Your assignment: The lines below, from the one holding "Manhattan: 218th Street (West) - 98th Avenue" through the final line, are to be copied exactly, with no other lines and no pictures.

Segment Start: Records supplied

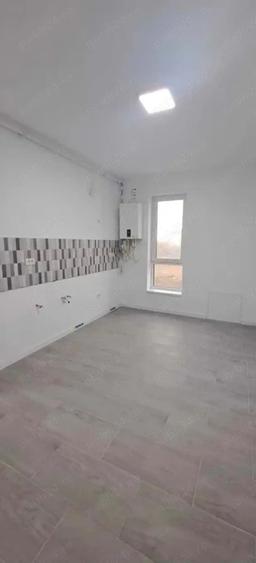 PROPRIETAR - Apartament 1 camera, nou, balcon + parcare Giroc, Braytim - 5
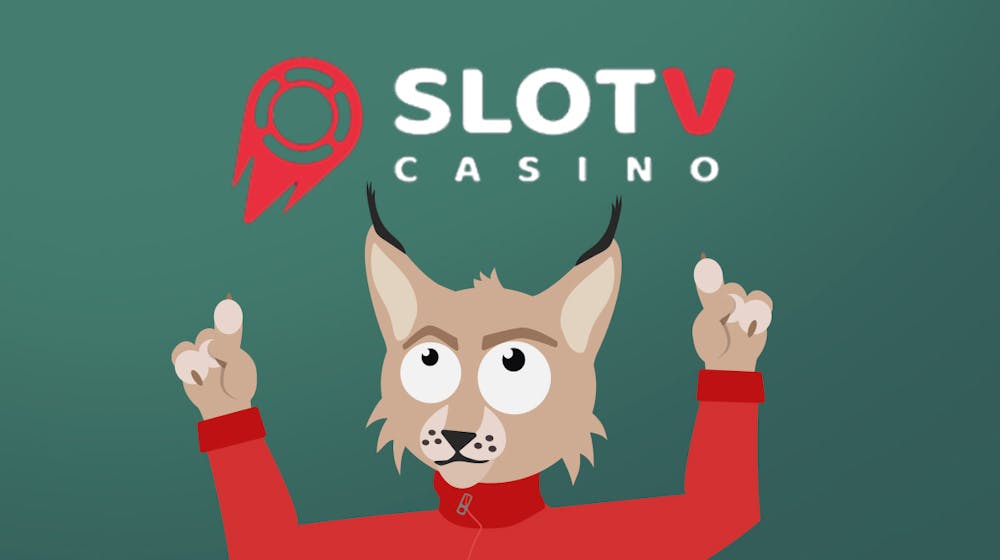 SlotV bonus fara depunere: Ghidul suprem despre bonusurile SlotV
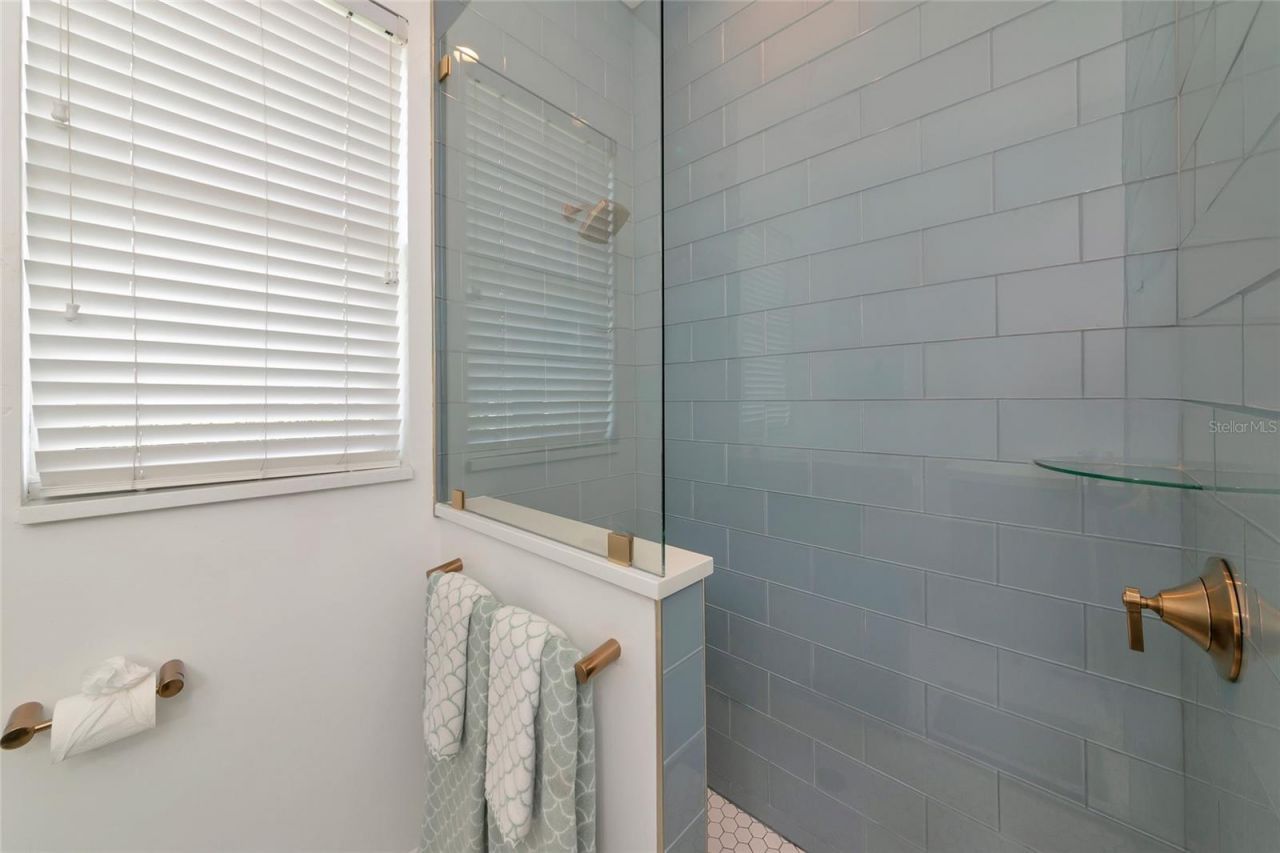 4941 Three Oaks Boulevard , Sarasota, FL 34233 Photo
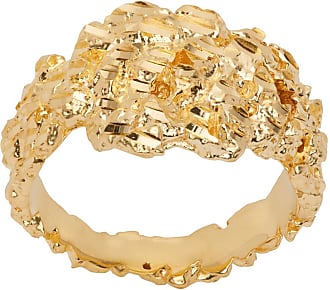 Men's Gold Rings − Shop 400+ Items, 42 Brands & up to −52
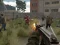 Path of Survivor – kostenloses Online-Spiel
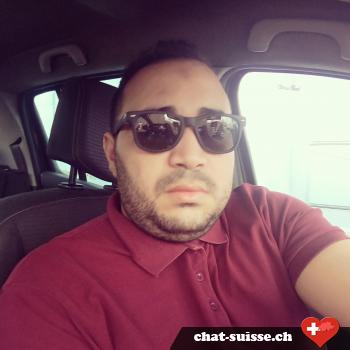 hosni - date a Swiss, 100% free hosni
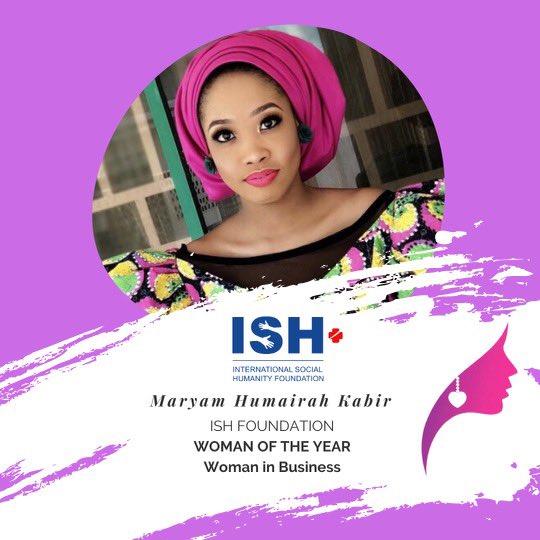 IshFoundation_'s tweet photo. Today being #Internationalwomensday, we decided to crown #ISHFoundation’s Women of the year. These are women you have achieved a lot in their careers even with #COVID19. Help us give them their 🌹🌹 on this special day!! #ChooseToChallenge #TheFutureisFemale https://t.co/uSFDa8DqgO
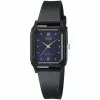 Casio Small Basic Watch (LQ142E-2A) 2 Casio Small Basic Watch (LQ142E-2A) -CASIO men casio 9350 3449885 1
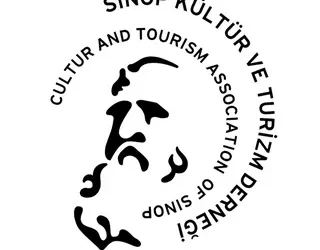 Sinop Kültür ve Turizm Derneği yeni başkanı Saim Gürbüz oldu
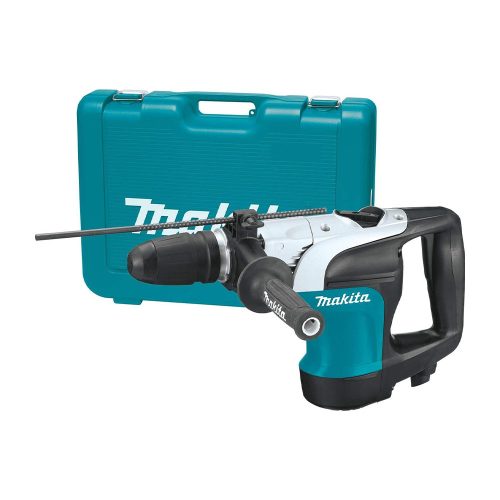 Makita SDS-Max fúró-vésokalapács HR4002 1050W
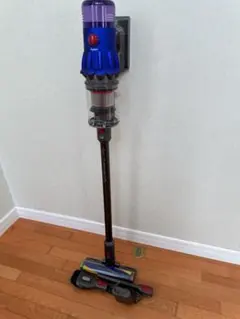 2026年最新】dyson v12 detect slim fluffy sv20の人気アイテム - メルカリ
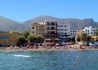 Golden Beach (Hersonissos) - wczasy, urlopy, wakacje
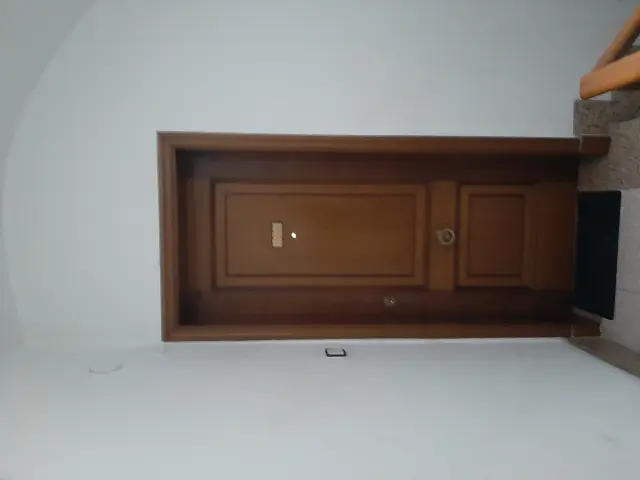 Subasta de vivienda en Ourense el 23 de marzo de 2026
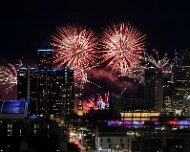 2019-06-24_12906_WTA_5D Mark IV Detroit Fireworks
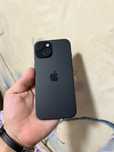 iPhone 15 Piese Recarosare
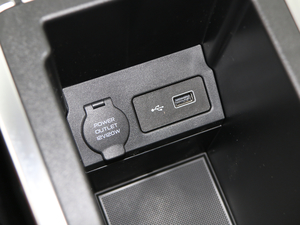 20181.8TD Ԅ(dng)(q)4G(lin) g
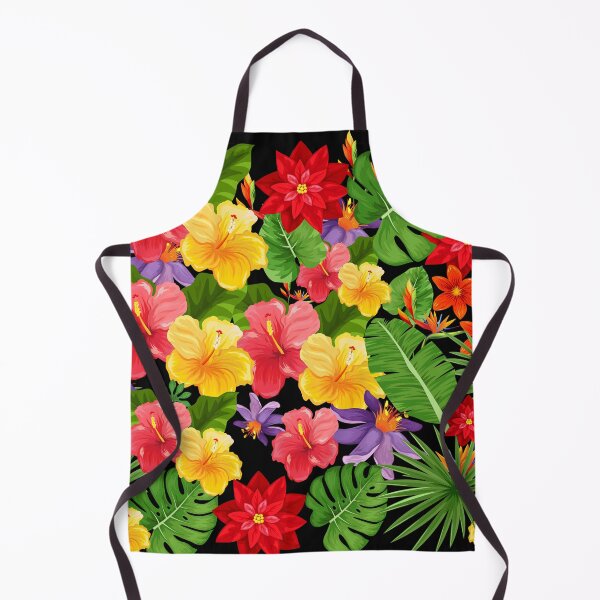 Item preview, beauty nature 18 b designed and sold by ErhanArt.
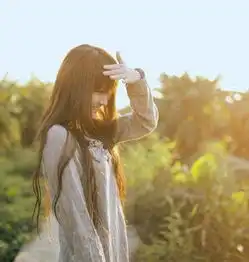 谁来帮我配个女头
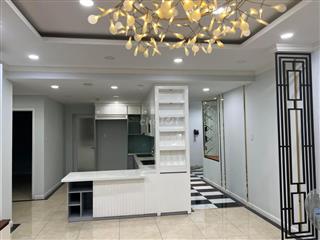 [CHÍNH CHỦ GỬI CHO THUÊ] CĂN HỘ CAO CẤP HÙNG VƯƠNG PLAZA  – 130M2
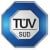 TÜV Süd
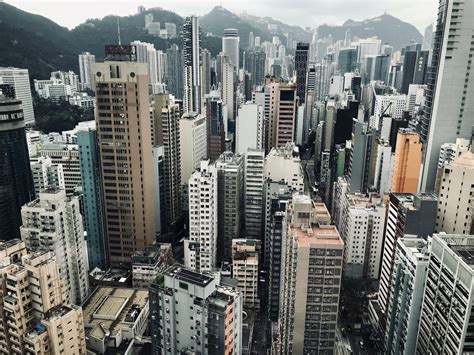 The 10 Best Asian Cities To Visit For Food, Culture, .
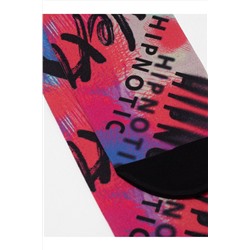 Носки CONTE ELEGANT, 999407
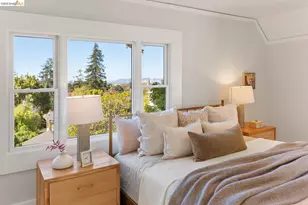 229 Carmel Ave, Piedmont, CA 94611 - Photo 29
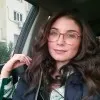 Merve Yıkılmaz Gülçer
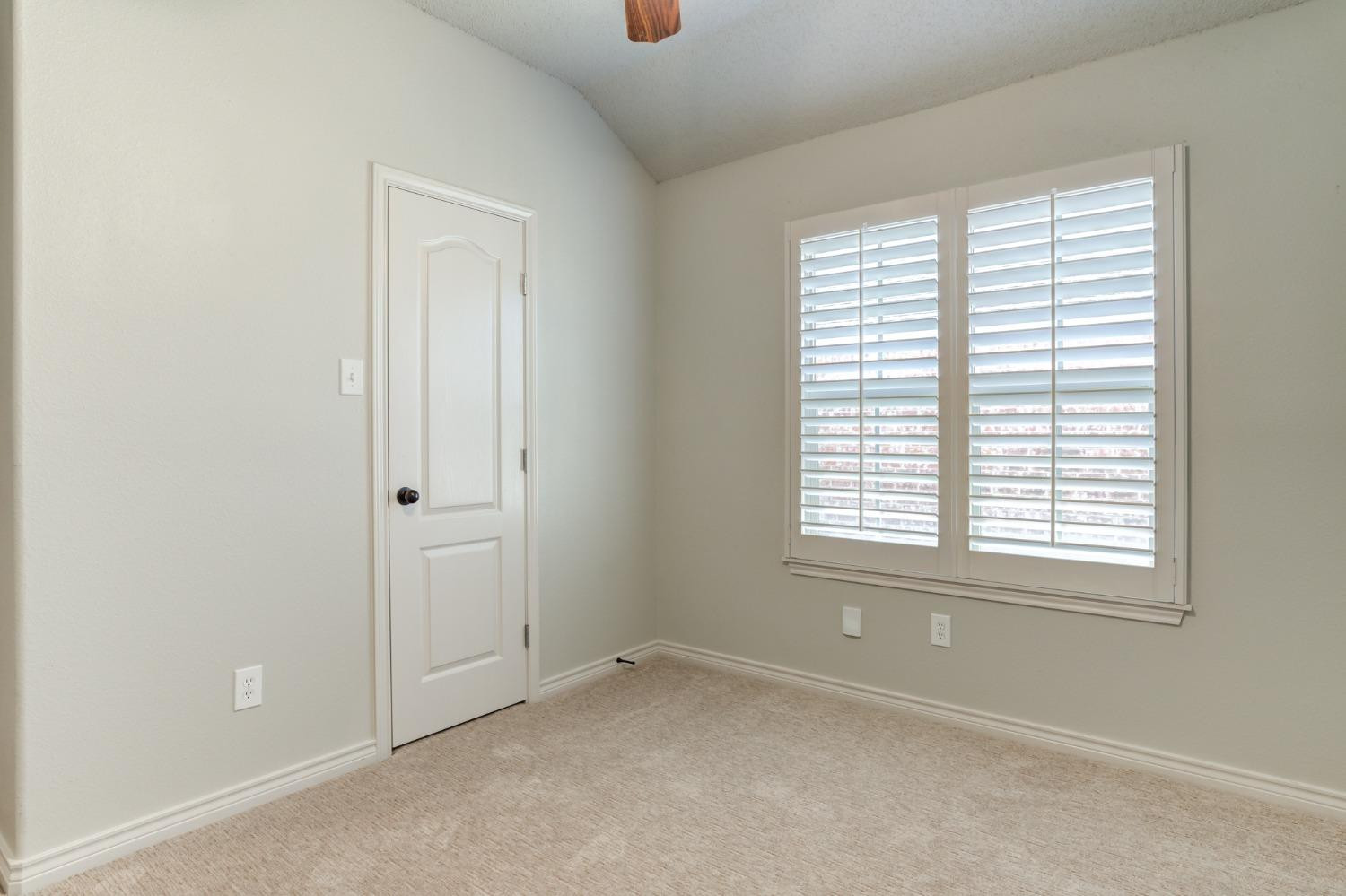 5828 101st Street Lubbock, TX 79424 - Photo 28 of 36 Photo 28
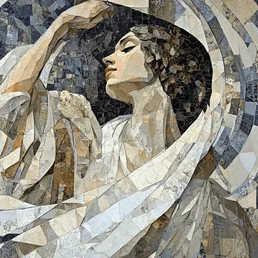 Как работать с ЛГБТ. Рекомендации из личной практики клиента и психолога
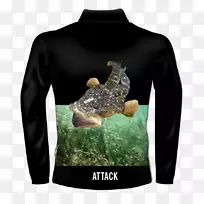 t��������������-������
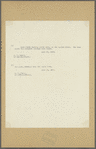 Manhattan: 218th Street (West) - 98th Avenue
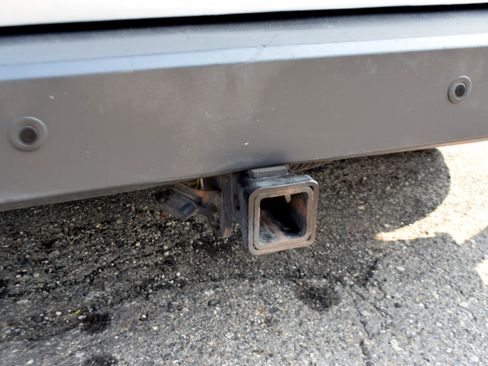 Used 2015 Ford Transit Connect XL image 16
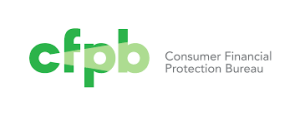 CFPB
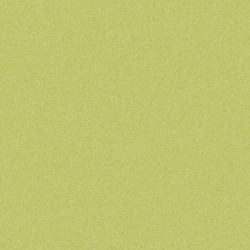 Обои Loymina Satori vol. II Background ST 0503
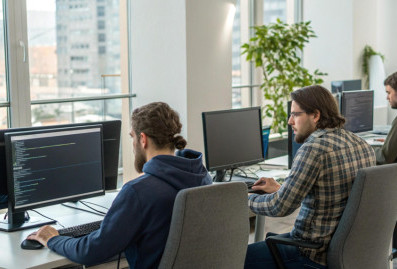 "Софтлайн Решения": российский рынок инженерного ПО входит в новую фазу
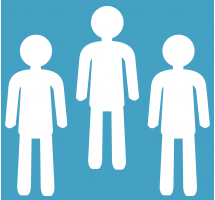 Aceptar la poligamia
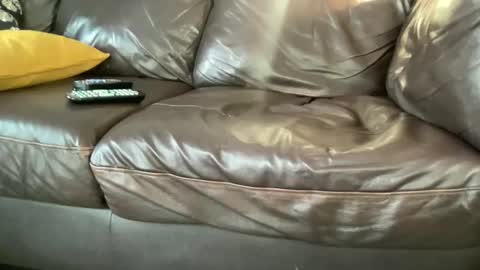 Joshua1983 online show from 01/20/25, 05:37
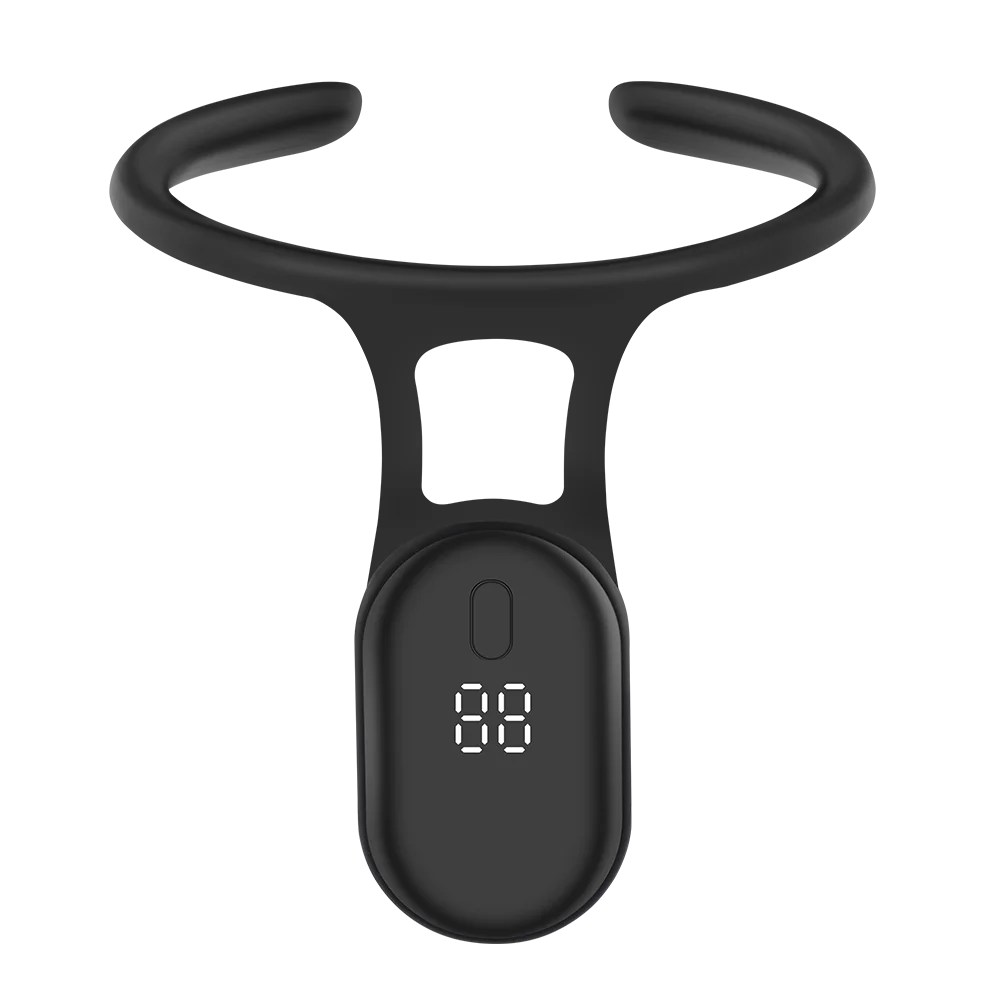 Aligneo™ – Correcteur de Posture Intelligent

Segment End: Records supplied

Your response:
 Manhattan: 218th Street (West) - 98th Avenue
 Used 2015 Ford Transit Connect XL image 16
 CFPB
 Обои Loymina Satori vol. II Background ST 0503
 "Софтлайн Решения": российский рынок инженерного ПО входит в новую фазу
 Aceptar la poligamia
 Joshua1983 online show from 01/20/25, 05:37
 Aligneo™ – Correcteur de Posture Intelligent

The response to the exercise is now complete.